Premier Christy Clark announced a review of teacher bargaining Wednesday, with a goal of reaching a 10-year agreement that would put an end to decades of battles with the B.C. Teachers’ Federation.
Clark and Education Minister Don McRae acknowledged at a Vancouver news conference that changing the culture of confrontation between the B.C. government and teachers won’t be easy, and vowed to put even the most contentious issues on the table for discussion. That includes class size and special needs support, key issues in contract disputes and court actions in recent years.
“Our first goal is long-term labour stability with teachers in British Columbia,” Clark said. “Our second goal is to improve how government interacts and works with the BCTF.”
“These two goals will require compromise on all sides of the table, including ours,” said Clark.
BCTF president Susan Lambert said she welcomes the review of the bargaining structure, but is skeptical about the latest promise of meaningful consultation.
“It seems to me that talk of a 10-year contract is putting the cart before the horse,” Lambert said. “There seems to be conclusions drawn that would be properly a product of the bargaining table and not a product of a discussion on the bargaining structure.”
The offer comes as the BCTF continues a court challenge to a two-year wage freeze that extends until June 2013. After a year of fruitless negotiations and work-to-rule by teachers, the union membership endorsed the two-year contract extension reached in June with government-imposed mediator Charles Jago.
Justin Green, president of the Nanaimo District Teachers’ Association, said the union welcomes any consultation on bargaining structure, but if the province wants to build relationships with teachers, it can start by giving teachers back language that was stripped from contracts 10 years ago.

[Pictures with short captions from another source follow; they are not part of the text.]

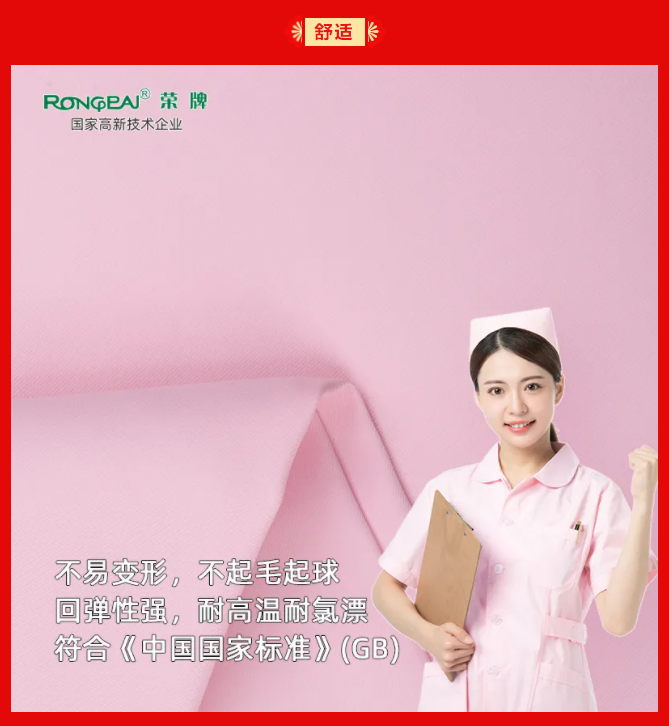 世界杯下单平台网站官网纺织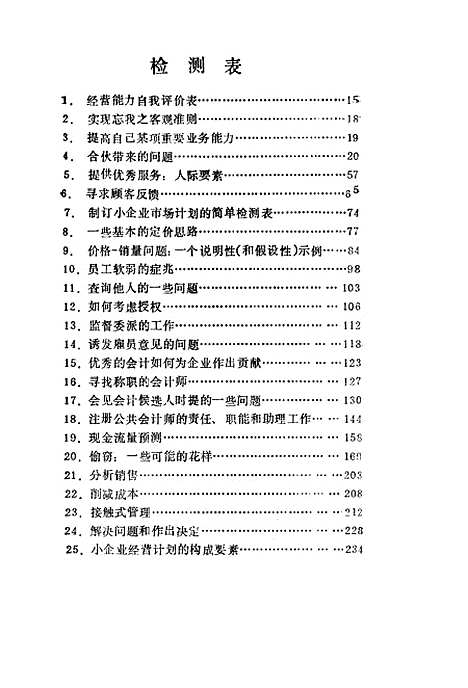 [下载][成就与创业小企业圣经][美]保尔瑞斯尼科.pdf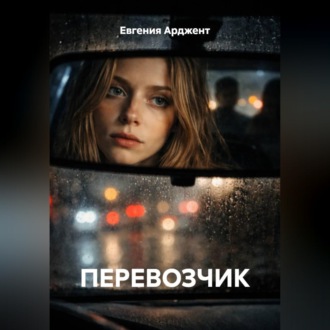 Обложка книги «ПЕРЕВОЗЧИК»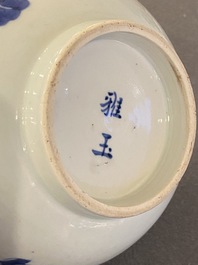 A Chinese blue and white 'Bleu de Hue' bowl for the Vietnamese market, Nh&atilde; Ngọc 雅玉 mark, 19th C.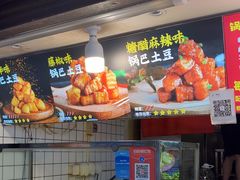 -周签签锅巴土豆(建设路总店)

Last year, a B.C. Supreme Court judge ruled parts of the 2002 legislation that removed certain working and learning conditions clauses, such as limits on class size and the number of special needs students in each class from teachers’ collective agreements, violated teachers’ rights to freedom of association under the Canadian Charter of Rights and Freedoms. The court gave the province a year to fix it.
The union interpreted this decision to mean that these clauses would be returned to their contracts, but last spring, the province came out with Bill 22, which kept these limits in legislation until next July, when teachers once again have the right to bargain them.
Green said when two parties meet more than 70 times and aren’t able to come to an agreement, the system is broken, but the mandate played a big role in this – the employers came to the table with a net zero mandate.
“I’m optimistic they’re at least willing to talk about it,” he said. “But based on the history of this government, I’m cynical. What I sincerely hope doesn’t happen is we do a six-week consult and have something legislated and rammed through.”
Jamie Brennan, school board chairman, said last year the system was disrupted by teacher job action for the entire year because the province had previously taken away the right to strike, tipping the scales slightly in favour of the province.
But he is hopeful that the province can come up with a better system.
McRae said the review will take advantage of work currently being done by a task force of school trustees, and two previous reviews completed by independent mediators.
McRae said he has talked with Lambert about the proposal, and he wants to have consultations with teachers, trustees, parent advisory councils and administrators complete by the end of November.
“If there are policy changes or legislative amendments that we need to make, we want to get this work done before bargaining resumes next spring,” McRae said.